(DATA SHOWN):
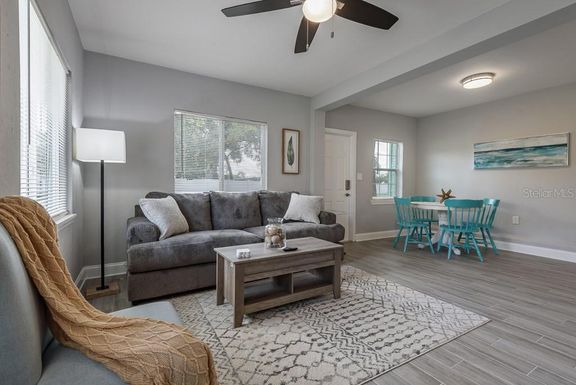 15732 BOLESTA ROAD UNIT B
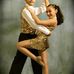 Abel Bracamontes - Facebook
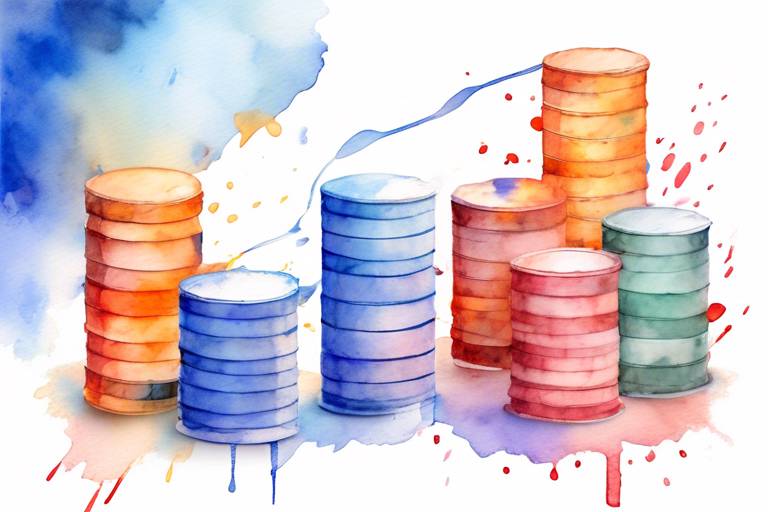 MySQL Partisyonlama Nedir?MySQL veritabanında partisyonlama kullanımının tanımı ve avantajları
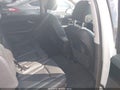 2019 Audi Q7 — photo 8 of 16 | VIN WA1LAAF79KD044105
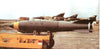 R-012 BRP 250 Expal Bomb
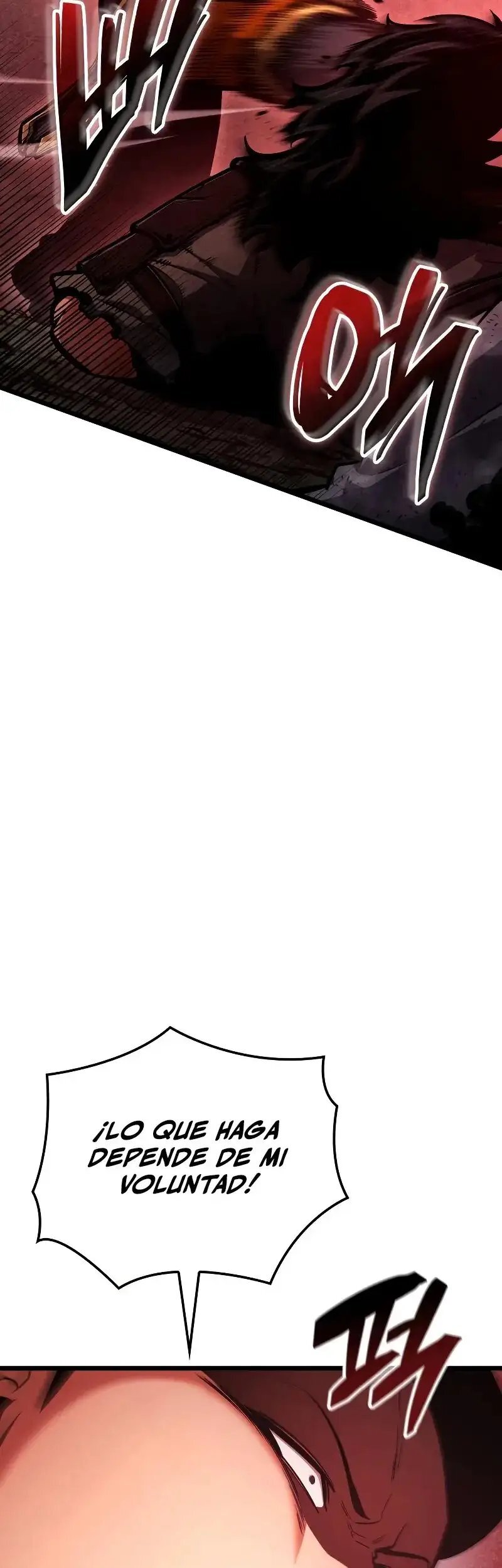 Capitulo 56 page 42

(YOUR GOAL): The pictures in the entries should be left out; output everything else exactly.

(REPLY):
 15732 BOLESTA ROAD UNIT B
 Abel Bracamontes - Facebook
 MySQL Partisyonlama Nedir?MySQL veritabanında partisyonlama kullanımının tanımı ve avantajları
 2019 Audi Q7 — photo 8 of 16 | VIN WA1LAAF79KD044105
 R-012 BRP 250 Expal Bomb
 Capitulo 56 page 42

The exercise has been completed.